:: Data provided ::
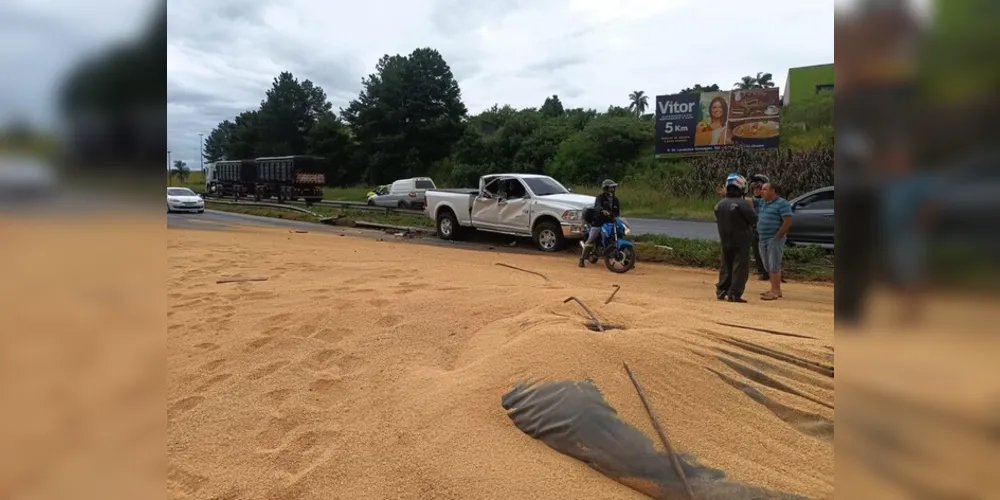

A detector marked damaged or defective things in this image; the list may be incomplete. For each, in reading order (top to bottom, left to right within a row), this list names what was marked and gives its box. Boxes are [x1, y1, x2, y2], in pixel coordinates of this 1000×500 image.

damaged white pickup truck [424, 175, 596, 252]
torn tarp [500, 380, 804, 498]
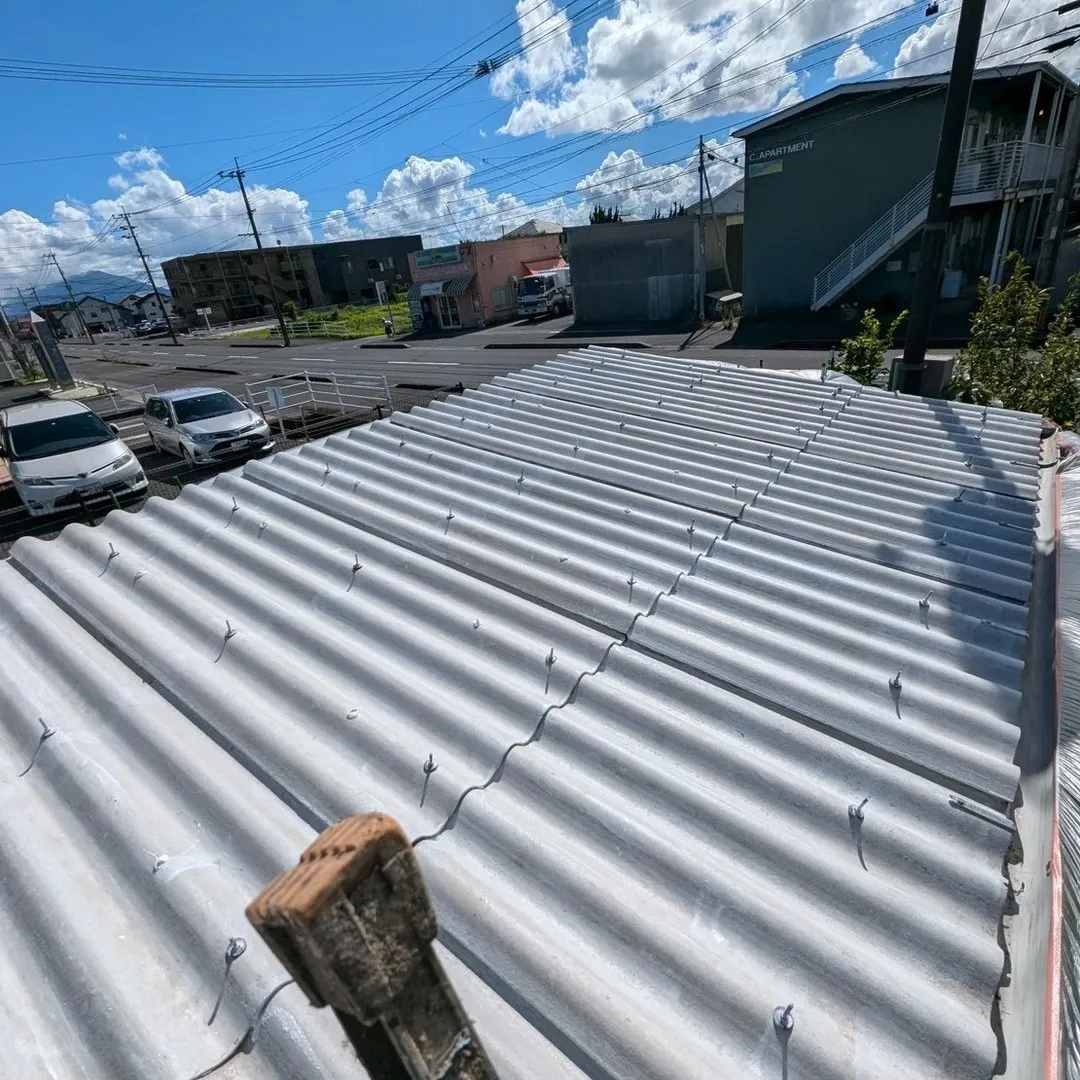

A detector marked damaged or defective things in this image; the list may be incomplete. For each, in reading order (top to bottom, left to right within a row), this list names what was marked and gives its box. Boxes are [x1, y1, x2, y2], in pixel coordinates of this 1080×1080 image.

rusty metal bracket on wood [247, 812, 498, 1075]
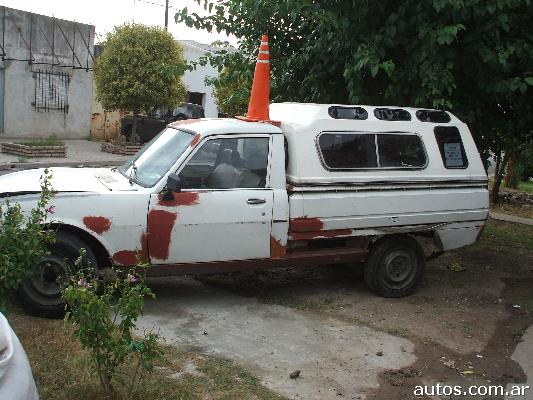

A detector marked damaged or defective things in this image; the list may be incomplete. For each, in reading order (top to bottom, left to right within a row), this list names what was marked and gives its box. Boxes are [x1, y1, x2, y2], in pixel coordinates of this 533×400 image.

rust patch [158, 192, 202, 208]
rust patch [82, 217, 111, 236]
rust patch [147, 208, 178, 260]
rust patch [288, 217, 322, 233]
rust patch [270, 234, 286, 260]
rust patch [111, 250, 137, 266]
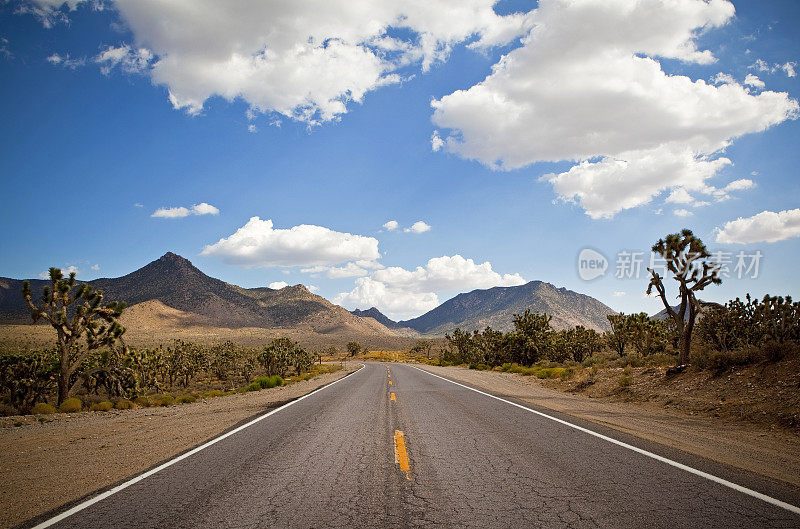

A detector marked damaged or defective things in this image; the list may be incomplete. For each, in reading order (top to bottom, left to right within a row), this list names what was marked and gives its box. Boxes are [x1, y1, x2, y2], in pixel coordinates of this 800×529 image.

cracked asphalt [31, 364, 800, 528]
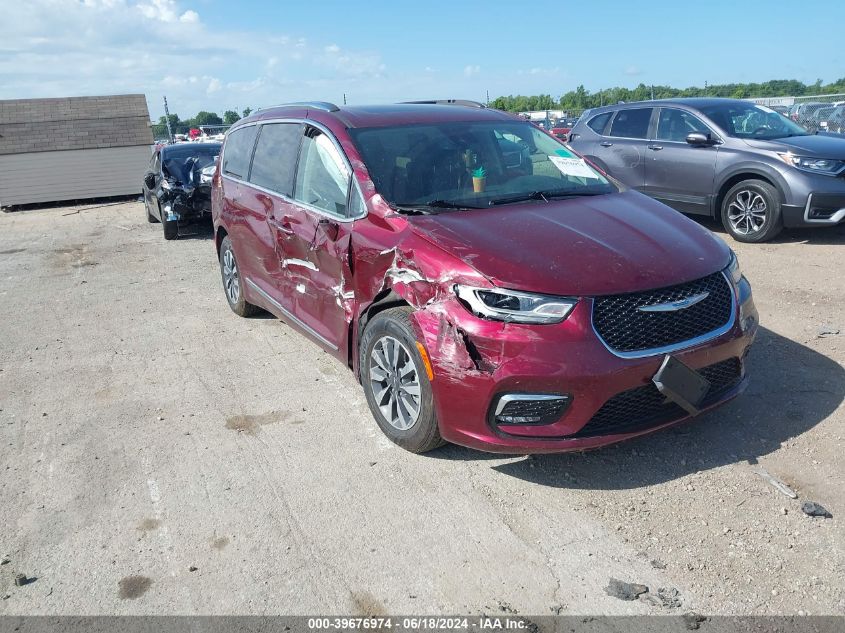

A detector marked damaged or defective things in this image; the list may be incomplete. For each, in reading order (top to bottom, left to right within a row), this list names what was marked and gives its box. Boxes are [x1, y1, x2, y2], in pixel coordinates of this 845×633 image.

damaged dark car [146, 142, 223, 238]
damaged dark car [211, 100, 760, 454]
crumpled hood [406, 189, 728, 298]
crumpled hood [744, 133, 844, 157]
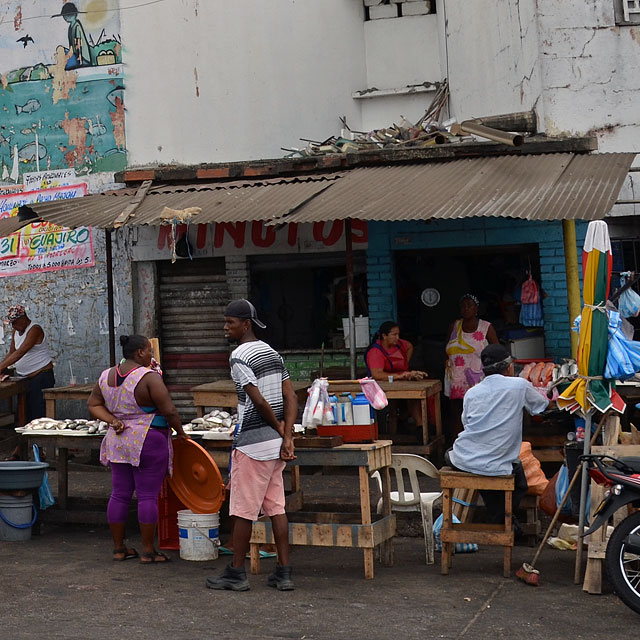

:: Task brief ::
What you need to retype is every line from the one that has "this 1080×1080 image." through the last line of the listing, both included, with the pictures left out.

:: Response to this exercise ::
A detector marked damaged or defective things in this image; the list may be incomplete. For each, in reading order (top to bottom, left to right within a row), this list names what was marked and gives its box. Boxes are [x1, y1, x2, y2], in pixel coordinates of this 1080×1080 image.

rusty metal bracket on wood [247, 812, 498, 1075]

A detector marked damaged or defective things in this image; the list may be incomplete. For each, in reading order (top to bottom, left to right within a row), this list names what was marked and gives its box. Boxes are [x1, y1, x2, y2], in pixel coordinates of this 533×400 image.

rust patch [158, 192, 202, 208]
rust patch [82, 217, 111, 236]
rust patch [147, 208, 178, 260]
rust patch [288, 217, 322, 233]
rust patch [270, 234, 286, 260]
rust patch [111, 250, 137, 266]

A detector marked damaged or defective things in this image; the list may be incomplete. For each, in reading order (top to bottom, left to right within a row), this list names what was marked and gives its box. Boxes are [x1, y1, x2, y2], in pixel coordinates of this 800×529 image.

cracked asphalt [31, 364, 800, 528]

A detector marked damaged or defective things in this image; the list may be incomplete. For each, in reading order (top to bottom, left to right within a row), this list names what was marked and gives its box. Boxes are [x1, y1, x2, y2], in pixel coordinates of this 845×633 image.

damaged dark car [146, 142, 223, 238]
damaged dark car [211, 100, 760, 454]
crumpled hood [406, 189, 728, 298]
crumpled hood [744, 133, 844, 157]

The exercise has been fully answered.